Nov 12, 2009
Recovering GRUB2 after hard-drive upgrade
Here’s how to do it:
Boot into Ubuntu Live CD.
Mount the root disk (Disk on which Ubuntu is installed).
mkdir /media/root
mount /dev/sda7 /media/root
where /dev/sda7 is your disk.
If you don’t know which disk the ubuntu is installed on, you can fdisk
sudo fdisk -l
Now, when you can install grub using grub-install
sudo grub-install --root-directory=/media/root /dev/sda --recheck
This will install the grub on the mounted disk. You can now reboot and get into your Ubuntu and upgrade it to GRUB2.

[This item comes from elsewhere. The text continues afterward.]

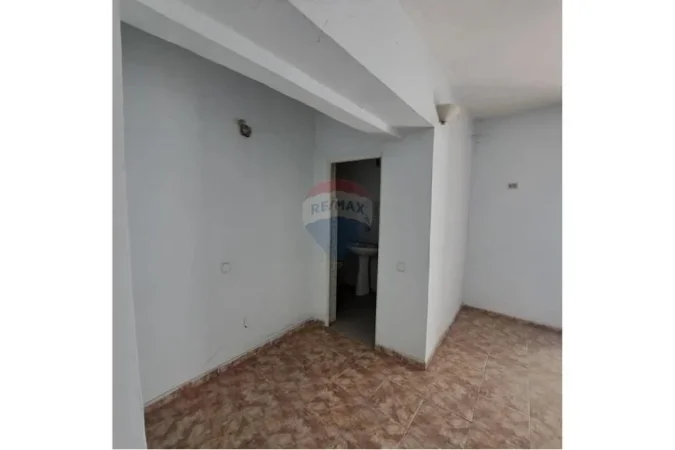 Vlore, shitet ambjent biznesi Kati 0, 65 m² 75.000 € (Rruga Ali Demi)
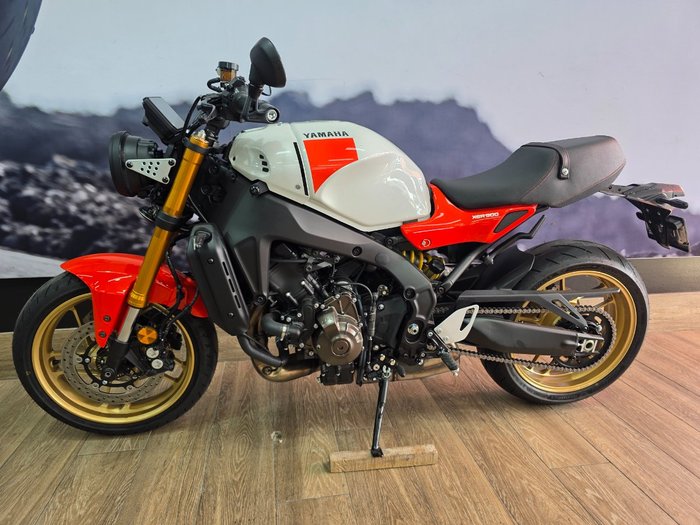 2024 Yamaha XSR900 (MTM850A) RED/WHITE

If this doesn’t work, you will have to change the root to the hard disk and install grub. To do that,
Unmount your boot partition (I’ll take sda7 as the example again) before proceding.
mkdir /mnt/root
mount /dev/sda7 /mnt/root
mount -o bind /proc /mnt/root/proc
mount -o bind /dev /mnt/root/dev
chroot /mnt/root
You may need to run these as root/superuser. If successful, you’ll get the terminal access to your boot partition. You can now install the grub using apt-get.
apt-get install grub
update-grub
But since, this is a new hard-drive, uuid won’t match. Hence, booting will fail.
To address this issue, you can install the grub2 without restarting
apt-get install grub2
grub-mkdevicemap
update-grub2
Reboot. Grub2 should be installed now.